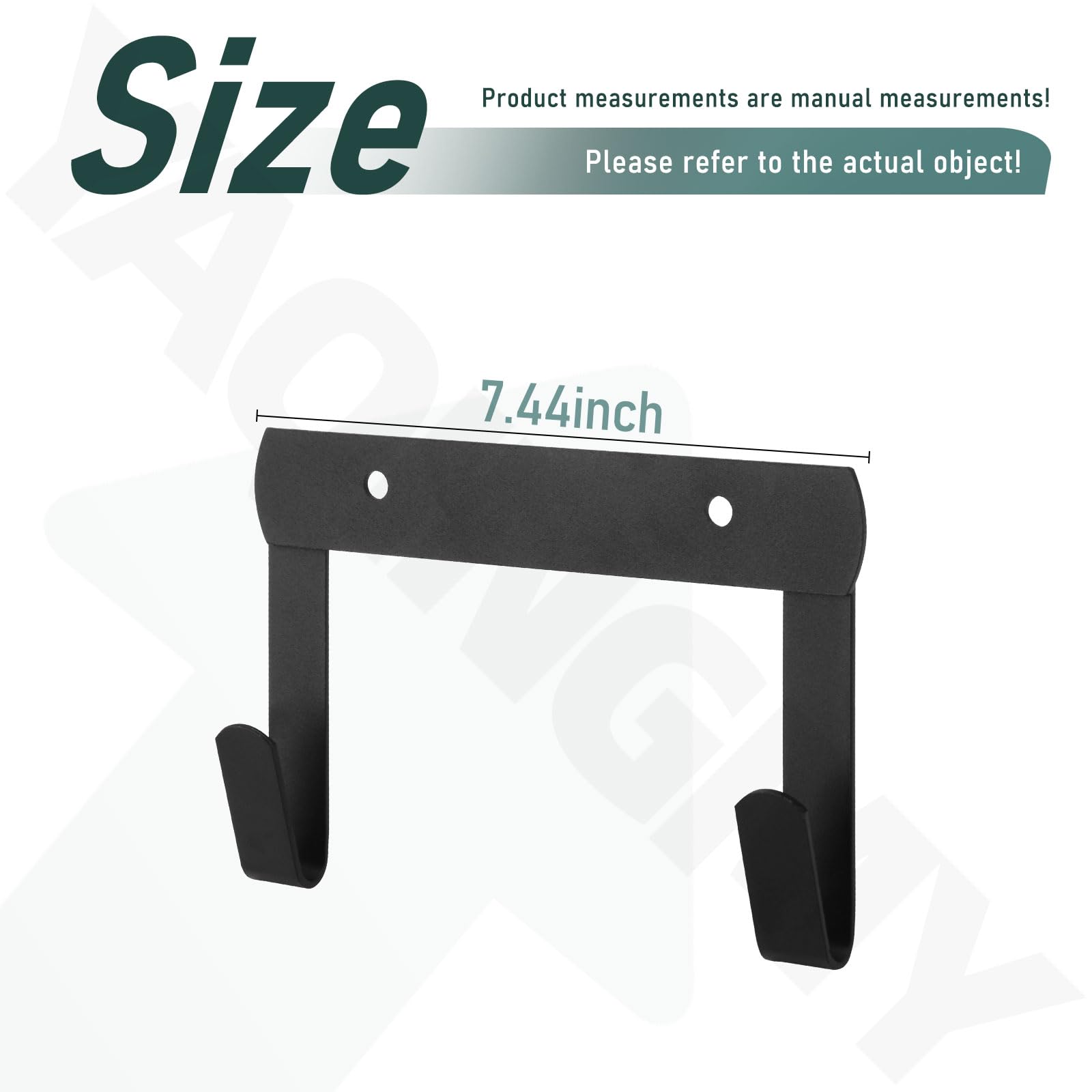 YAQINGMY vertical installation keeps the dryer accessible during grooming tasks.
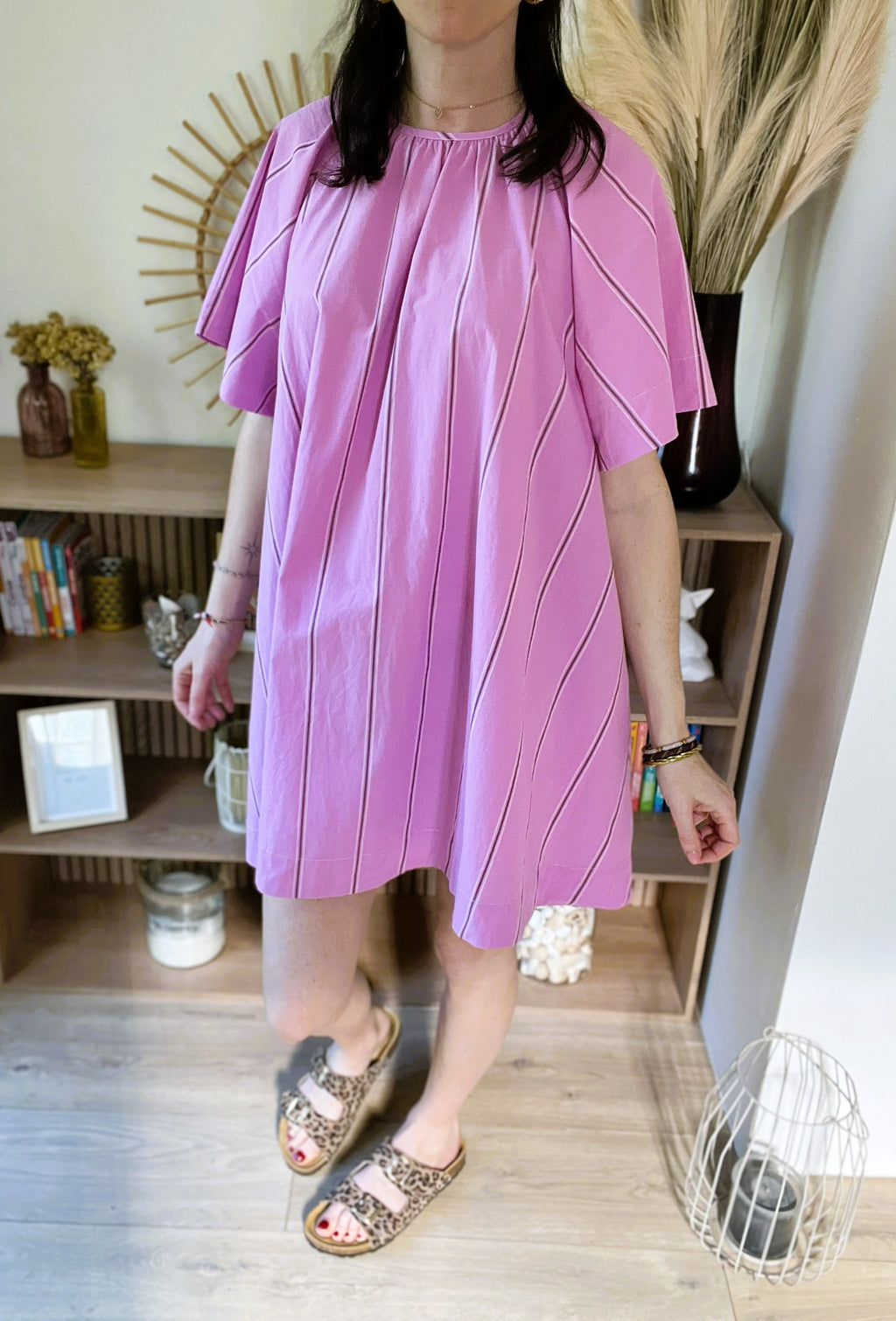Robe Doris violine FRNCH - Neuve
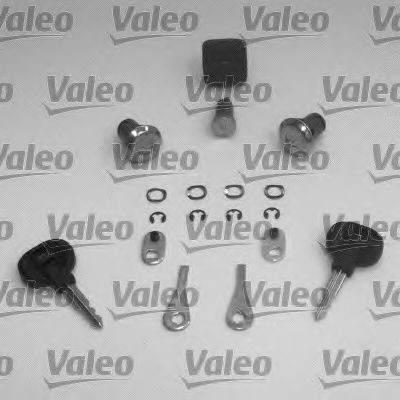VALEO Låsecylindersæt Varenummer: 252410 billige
---
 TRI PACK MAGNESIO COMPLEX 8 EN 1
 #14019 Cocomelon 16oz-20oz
==
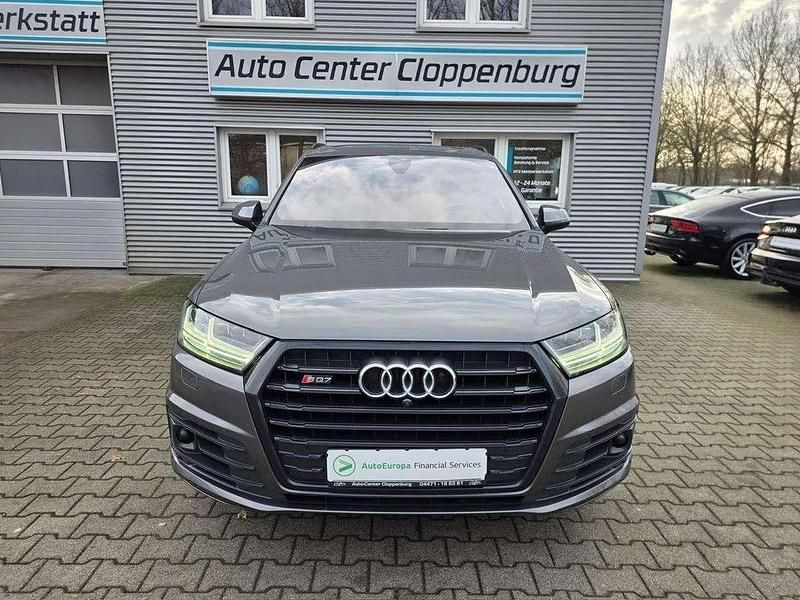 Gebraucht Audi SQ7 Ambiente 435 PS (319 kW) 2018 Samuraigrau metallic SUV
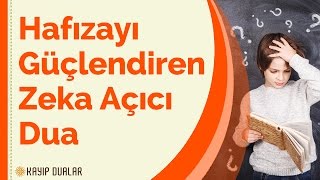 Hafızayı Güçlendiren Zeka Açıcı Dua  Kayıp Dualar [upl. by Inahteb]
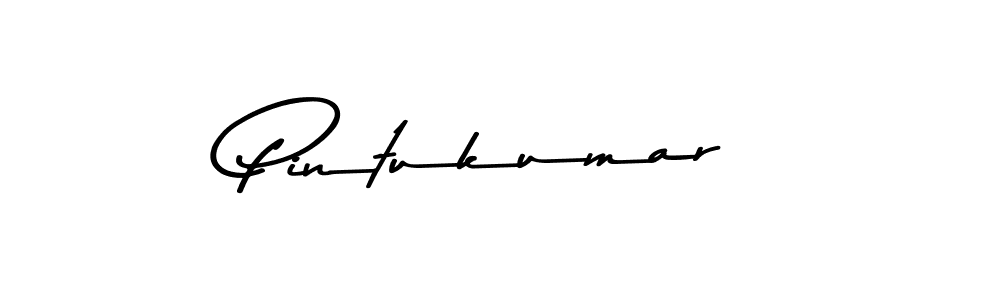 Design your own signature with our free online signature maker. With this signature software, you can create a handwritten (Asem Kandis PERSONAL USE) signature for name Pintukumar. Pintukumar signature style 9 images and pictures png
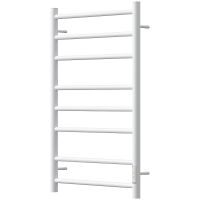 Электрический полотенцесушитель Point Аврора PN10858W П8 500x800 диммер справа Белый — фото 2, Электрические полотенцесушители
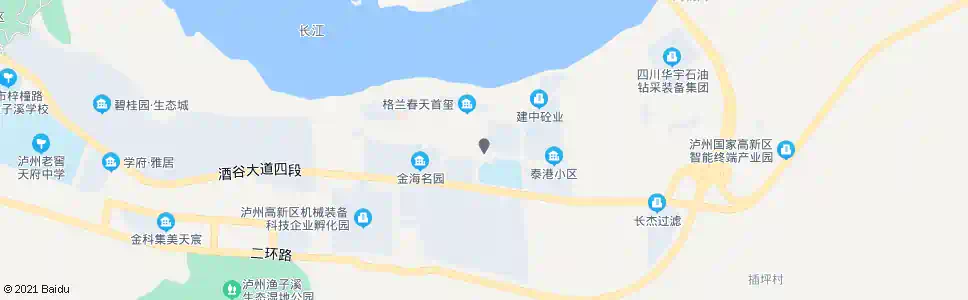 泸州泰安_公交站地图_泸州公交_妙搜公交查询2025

◆ **Directions**
Repeat, without pictures, exactly the lines of the data above from the one containing "YAQINGMY vertical installation" through the one containing "VALEO Låsecylindersæt Varenummer: 252410", including both and adding nothing.

◆ **The answer**
 YAQINGMY vertical installation keeps the dryer accessible during grooming tasks.
Robe Doris violine FRNCH - Neuve
VALEO Låsecylindersæt Varenummer: 252410 billige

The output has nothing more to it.